Anthony Saglimbene, Chief Market Strategist – Ameriprise Financial
8/18/2025
Stocks have spent the summer near all-time highs amid a backdrop of strong corporate earnings, resilient economic data and recent policy developments.
Notably, investor sentiment continues to lean bullish, driven by a combination of fundamental strength and trading momentum. Yet, beneath the surface, we believe there are growing risks — particularly around trade policy, inflation and labor market dynamics — that investors may be underappreciating.
Below, we look at the factors fueling the recent stock gains and the risks that may disrupt their momentum.

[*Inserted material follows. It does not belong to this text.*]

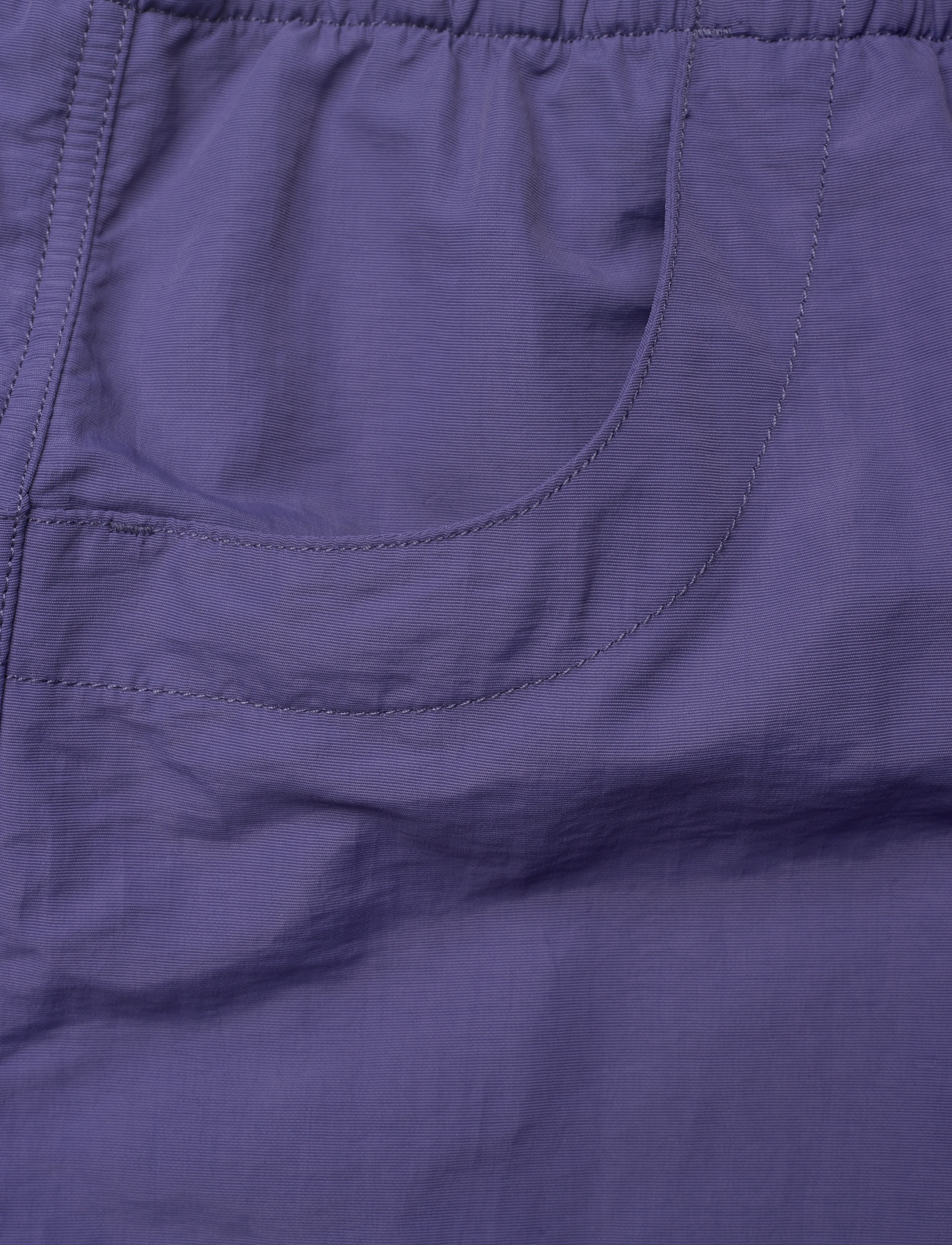 KAVU - Elle - casual shorts - blue yonder - 2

What's driving investor confidence?
Here are some of the bullish dynamics that are fueling investor confidence:
- Strong Q2 earnings trends and stable Q3 outlooks: At the core of the current stock market rally sits strong corporate profitability. The second quarter earnings season has been a standout, in our view, with S&P 500 Index companies, in aggregate, handily beating analyst expectations.
- Big Tech leadership: Big Tech continues to lead on the profit front, fueled by secular growth in artificial intelligence (AI) and robust consumer/business demand.

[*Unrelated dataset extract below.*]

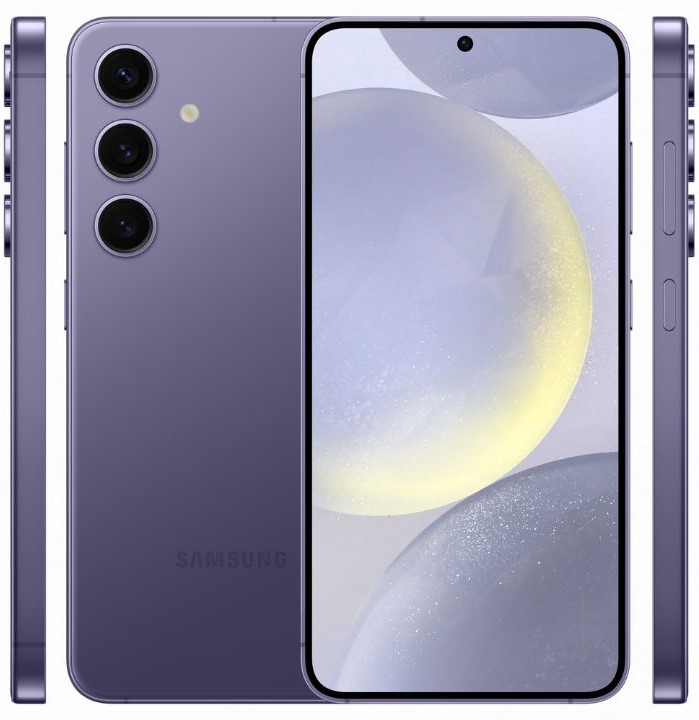 Samsung S24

- Resilient economic data: Recent economic data has supported the bullish tone among investors, despite a major downward adjustment in job growth over recent months. For example, headline inflation remains relatively tame and weekly jobless claims have stayed low, suggesting that the labor market, while softening, remains intact. Services activity, which drives the bulk of U.S. gross domestic product (GDP), continues to show resilience as well.
- Improved consumer confidence: Consumer confidence recently hit a five-month high, indicating that conditions remain favorable for corporate earnings and economic growth.
- Policy clarity: Policy developments have also added further fuel to the stock rally. The passage of the One Big Beautiful Bill has provided clarity on taxes and fiscal priorities, extended the debt ceiling, and increased spending on defense and border security.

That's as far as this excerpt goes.